A few teachers took me up on this offer and sat quietly while I led a discussion with little ones about the "sad thing" that happened at a school in Connecticut.  My verbage was very elementary (obviously) and honestly, I don't know that I could have handled much more than that.  As soon as the topic was in the open, the kids eagerly shared what they knew.  It was obvious they wanted to talk, were craving the chance to share the information they had with others.  Some had questions and some had 'solutions'.  Others had been shielded from much of the news.

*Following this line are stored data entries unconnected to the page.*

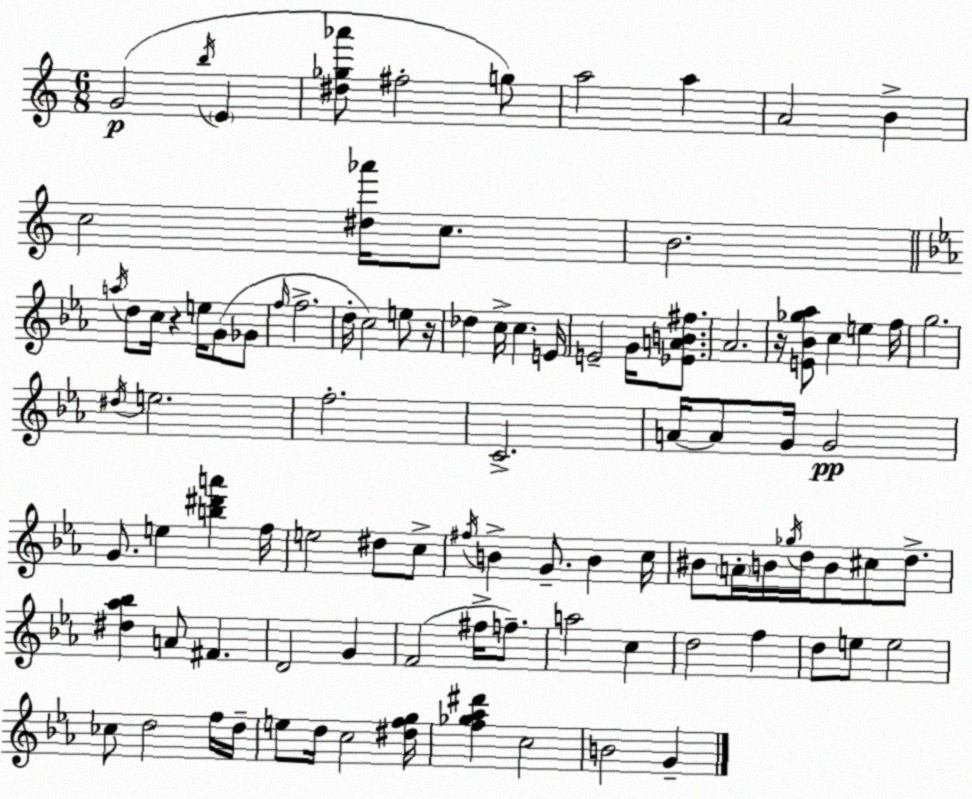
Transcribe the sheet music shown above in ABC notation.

X:1
T:Untitled
M:6/8
L:1/4
K:C
G2 b/4 E [^d_g_a']/2 ^f2 g/2 a2 a A2 B c2 [^d_a']/4 c/2 B2 a/4 d/2 c/4 z e/4 G/2 _G/2 f/4 f2 d/4 c2 e/2 z/4 _d c/4 c E/4 E2 G/4 [_EAB^f]/2 _A2 z/4 [E_B_g_a]/2 c e f/4 g2 ^d/4 e2 f2 C2 A/4 A/2 G/4 G2 G/2 e [b^d'a'] f/4 e2 ^d/2 c/2 ^f/4 B G/2 B c/4 ^B/2 A/4 B/4 _g/4 d/4 B/2 ^c/2 d/2 [^d_a_b] A/2 ^F D2 G F2 ^f/4 f/2 a2 c d2 f d/2 e/2 e2 _c/2 d2 f/4 d/4 e/2 d/4 c2 [^dfg]/4 [f_g_a^d'] c2 B2 G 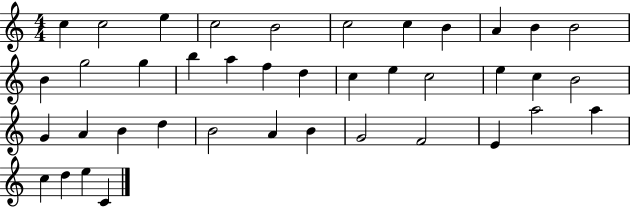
{
  \clef treble
  \numericTimeSignature
  \time 4/4
  \key c \major
  c''4 c''2 e''4 | c''2 b'2 | c''2 c''4 b'4 | a'4 b'4 b'2 | \break b'4 g''2 g''4 | b''4 a''4 f''4 d''4 | c''4 e''4 c''2 | e''4 c''4 b'2 | \break g'4 a'4 b'4 d''4 | b'2 a'4 b'4 | g'2 f'2 | e'4 a''2 a''4 | \break c''4 d''4 e''4 c'4 | \bar "|."
} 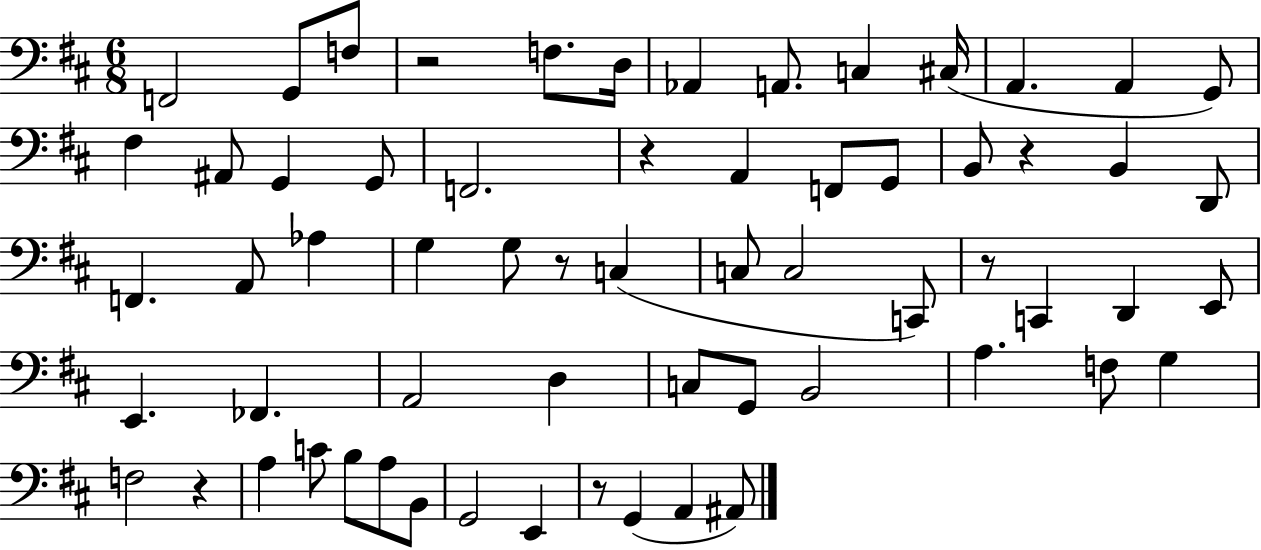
F2/h G2/e F3/e R/h F3/e. D3/s Ab2/q A2/e. C3/q C#3/s A2/q. A2/q G2/e F#3/q A#2/e G2/q G2/e F2/h. R/q A2/q F2/e G2/e B2/e R/q B2/q D2/e F2/q. A2/e Ab3/q G3/q G3/e R/e C3/q C3/e C3/h C2/e R/e C2/q D2/q E2/e E2/q. FES2/q. A2/h D3/q C3/e G2/e B2/h A3/q. F3/e G3/q F3/h R/q A3/q C4/e B3/e A3/e B2/e G2/h E2/q R/e G2/q A2/q A#2/e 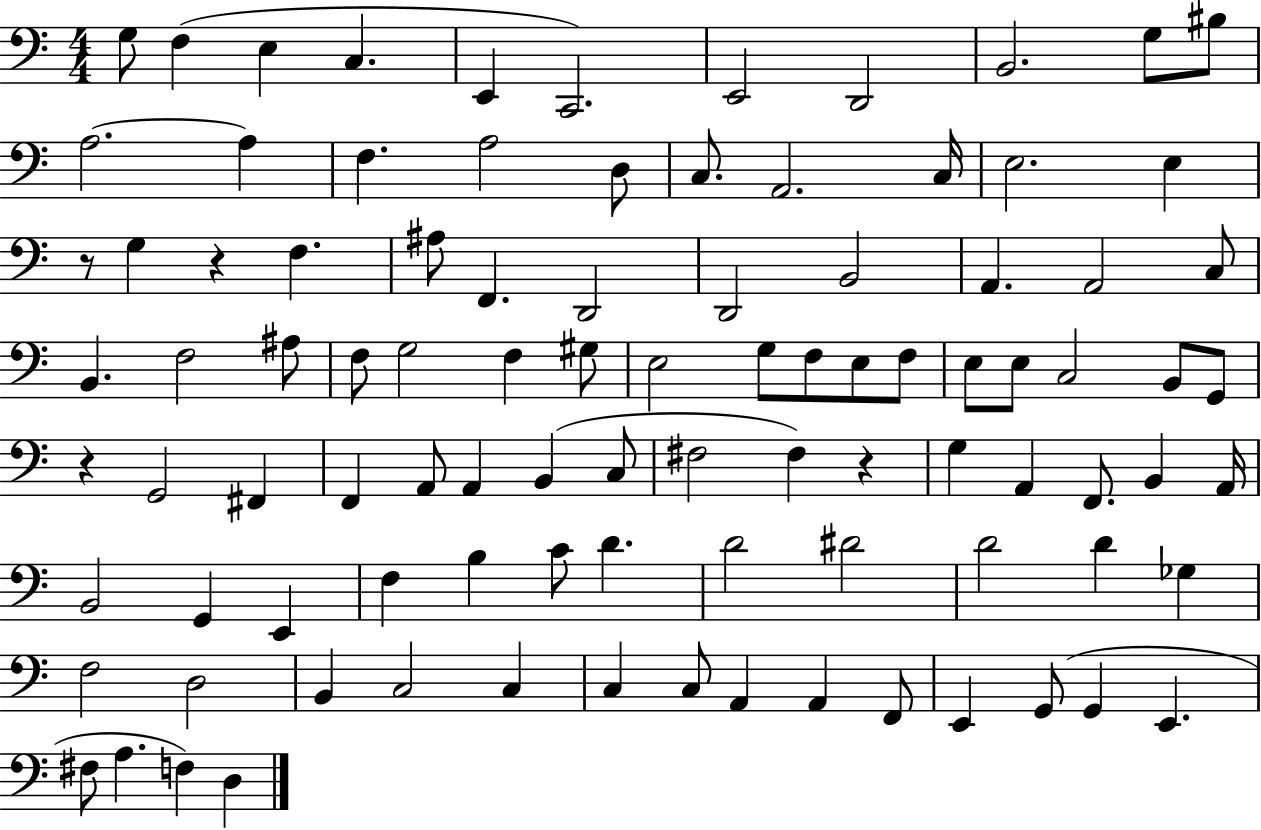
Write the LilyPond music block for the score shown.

{
  \clef bass
  \numericTimeSignature
  \time 4/4
  \key c \major
  g8 f4( e4 c4. | e,4 c,2.) | e,2 d,2 | b,2. g8 bis8 | \break a2.~~ a4 | f4. a2 d8 | c8. a,2. c16 | e2. e4 | \break r8 g4 r4 f4. | ais8 f,4. d,2 | d,2 b,2 | a,4. a,2 c8 | \break b,4. f2 ais8 | f8 g2 f4 gis8 | e2 g8 f8 e8 f8 | e8 e8 c2 b,8 g,8 | \break r4 g,2 fis,4 | f,4 a,8 a,4 b,4( c8 | fis2 fis4) r4 | g4 a,4 f,8. b,4 a,16 | \break b,2 g,4 e,4 | f4 b4 c'8 d'4. | d'2 dis'2 | d'2 d'4 ges4 | \break f2 d2 | b,4 c2 c4 | c4 c8 a,4 a,4 f,8 | e,4 g,8( g,4 e,4. | \break fis8 a4. f4) d4 | \bar "|."
}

Conversations like these are so difficult to have with kids and I found myself at a loss for words and on the verge of tears each time I visited the classrooms yesterday and today.  The thought of anything happening to any of "my" kids in our school kept creeping into my mind as I gazed into all of their eyes.  And god forbid, the thought of anything happening to my own kid just takes my breath away.  I can't imagine what those teachers and staff members went through on Friday and I only hope that I would be as brave and courageous as they were.  Honestly though, I feel as though my first instinct would be to lock myself in my office, hide under my desk, and stare at my little office collection of family photos.

While I have no idea what our future holds, I'm sure we haven't seen the last of these tragic events.  And now, only days after such a gut-wrenching incident, political talk is fueled by such raw emotion, that makes both sides all the more adamant on their stance.  Of course I have no solution and I'm strangely annoyed with the simplicity of some suggestions.

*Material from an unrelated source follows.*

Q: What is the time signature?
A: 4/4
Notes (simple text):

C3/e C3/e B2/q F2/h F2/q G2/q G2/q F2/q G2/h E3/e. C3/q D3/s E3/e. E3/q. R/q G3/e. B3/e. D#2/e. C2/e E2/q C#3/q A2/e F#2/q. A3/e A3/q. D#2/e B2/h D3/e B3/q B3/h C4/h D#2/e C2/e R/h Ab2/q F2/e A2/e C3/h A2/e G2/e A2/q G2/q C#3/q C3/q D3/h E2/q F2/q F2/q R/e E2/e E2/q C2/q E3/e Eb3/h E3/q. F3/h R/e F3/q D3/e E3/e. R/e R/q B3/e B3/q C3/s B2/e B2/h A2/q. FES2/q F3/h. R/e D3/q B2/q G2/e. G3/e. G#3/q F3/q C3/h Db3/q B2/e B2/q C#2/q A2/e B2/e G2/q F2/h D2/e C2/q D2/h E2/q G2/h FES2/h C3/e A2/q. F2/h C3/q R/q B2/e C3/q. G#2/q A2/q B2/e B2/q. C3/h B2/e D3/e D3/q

Mike Huckabee has boldly claimed that the outbreaks of violence happen because we have removed God from the public square. A religious scholar and facebook friend of mine eloquently wrote this: But I recall when God was in the public square (the way Huckabee prefers it, with prayer in school, Bible readings, and so forth). With "God in the public square" we engaged in racial slavery all the way to its grotesque end. We denied women equal rights, and we drove (if not hunt
ed down) Native Tribes and Mormons westward into reservations and/or isolation. With "God in the public square" we engaged in public executions, vilified gay and lesbian people, and denounced Catholic schools as centers of superstition--and castigated Catholicism itself as contrary to American democracy. With "God in the public square" we killed women we thought were "witches," and we criminalized interracial marriage. The list, of course, is much longer. Without question, then, we need to be very careful--especially we who still call ourselves 'people of faith'--to indict with such damning charges against secularism, when we who claim to be advocates of God have been among the worst of those who are cruel, prejudiced, and violent.

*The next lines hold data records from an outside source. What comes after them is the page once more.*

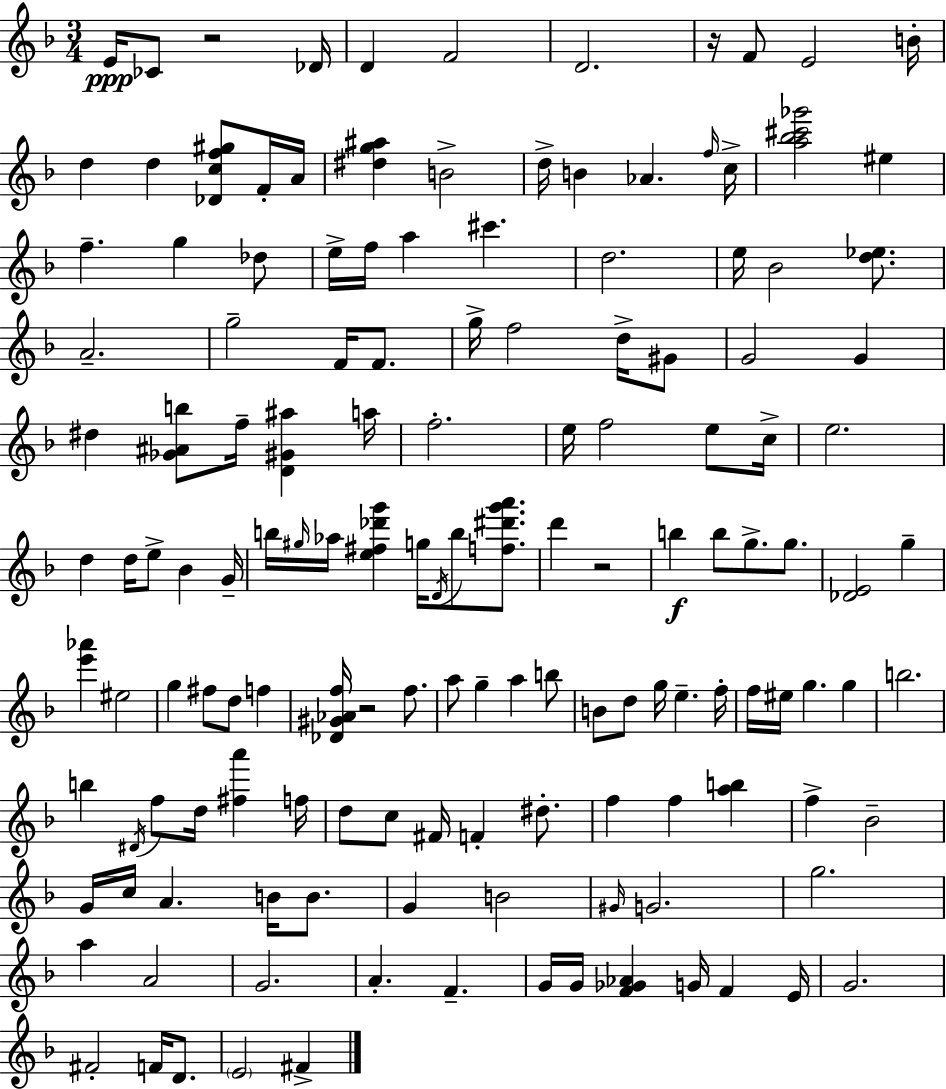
{
  \clef treble
  \numericTimeSignature
  \time 3/4
  \key d \minor
  e'16\ppp ces'8 r2 des'16 | d'4 f'2 | d'2. | r16 f'8 e'2 b'16-. | \break d''4 d''4 <des' c'' f'' gis''>8 f'16-. a'16 | <dis'' g'' ais''>4 b'2-> | d''16-> b'4 aes'4. \grace { f''16 } | c''16-> <a'' bes'' cis''' ges'''>2 eis''4 | \break f''4.-- g''4 des''8 | e''16-> f''16 a''4 cis'''4. | d''2. | e''16 bes'2 <d'' ees''>8. | \break a'2.-- | g''2-- f'16 f'8. | g''16-> f''2 d''16-> gis'8 | g'2 g'4 | \break dis''4 <ges' ais' b''>8 f''16-- <d' gis' ais''>4 | a''16 f''2.-. | e''16 f''2 e''8 | c''16-> e''2. | \break d''4 d''16 e''8-> bes'4 | g'16-- b''16 \grace { gis''16 } aes''16 <e'' fis'' des''' g'''>4 g''16 \acciaccatura { d'16 } b''8 | <f'' dis''' g''' a'''>8. d'''4 r2 | b''4\f b''8 g''8.-> | \break g''8. <des' e'>2 g''4-- | <e''' aes'''>4 eis''2 | g''4 fis''8 d''8 f''4 | <des' gis' aes' f''>16 r2 | \break f''8. a''8 g''4-- a''4 | b''8 b'8 d''8 g''16 e''4.-- | f''16-. f''16 eis''16 g''4. g''4 | b''2. | \break b''4 \acciaccatura { dis'16 } f''8 d''16 <fis'' a'''>4 | f''16 d''8 c''8 fis'16 f'4-. | dis''8.-. f''4 f''4 | <a'' b''>4 f''4-> bes'2-- | \break g'16 c''16 a'4. | b'16 b'8. g'4 b'2 | \grace { gis'16 } g'2. | g''2. | \break a''4 a'2 | g'2. | a'4.-. f'4.-- | g'16 g'16 <f' ges' aes'>4 g'16 | \break f'4 e'16 g'2. | fis'2-. | f'16 d'8. \parenthesize e'2 | fis'4-> \bar "|."
}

Several of my friends are making the simple yet obvious statement, "Guns don't kill people, people kill people."  True, but come on now, obviously that statement could be put into any possible sentence as inanimate objects typically don't threaten people without the help of a person.  I'm so thankful that while M and I disagree on a vast majority of political platforms, we have a united front when it comes to the 2nd amendment.  We will never understand why citizens need the right to own a high powered military assault weapon.  (Does anyone else see the irony in that the same party that wants to deny women reproductive rights and marriage rights to same sex couples argues strongly for the right to own such weapons?) I personally, don't feel comfortable with guns in the house, but I understand that many believe it to be necessary for their safety (even though statistics show there are more accidental deaths from guns bought for protection than there are deaths from actually protecting a family from danger).  I personally, don't like the act of hunting (well, actually, I love the walking around on a crisp fall morning, in the peaceful midwest weather--I just don't like the dead animal part) but I understand that many do-- and I'm married to a pheasant hunter-- which is fine because pheasants don't have brown eyes and I really couldn't handle mason shooting something with big doe brown eyes.  But really, a hunting rifle and a military type assault rifle are considered one in the same?

I know I won't solve any political debates with my less than eloquent writing, but sometimes it just helps to clarify my own thoughts.  As the mother of a toddler, with (hopefully) a long life ahead of him, I'm so concerned for this future. I want to do everything I can to ensure his health and safety but I realize that a huge portion of this is going to land out of my control.  And when I think back to those possibilities, I'm again at a loss for words.  

Sunday, December 9, 2012

And so the questions begin...

A few weeks ago, our daycare provider's 14 year old chocolate lab died.  He had lived a good (long) life, was suffering from cancer, and was starting to have recurrent bladder infections.  His joints hurt him and he hobbled around--so it was clearly time for him to go.  Nicole, C's daycare gal, had told us of their plans to put him to sleep, but I didn't mention anything to Charlie about it.  Some part of me was thinking that maybe he wouldn't notice.  (Yeah right, like the kid who notices every detail would miss the fact that a dog is suddenly gone.)

Anyway, as expected, the kids were asking about the dog the next day.  She explained to them that he was really old and was too sick to live anymore and that he died.  I was happy that she told me about this, so that if C asked questions at home, we would be on the same wavelength.  But a few days later, at the park, C noticed some fallen leaves and asked why they were all crunchy.  Why were they falling apart?  Without even thinking, I told him that it's because they had died.  And he looked at me and said,

"Cody got died.  He flew up way high in the sky and died."

Oh my.  Now what?  Where do I go with that?

"He flew in the sky?"

"Uh-huh.  He flew up way high in the sky and got died.  No more."

I decided to leave it at that for the moment, but my assumption is that there was some mention of Heaven and going to Heaven after dying, etc. etc.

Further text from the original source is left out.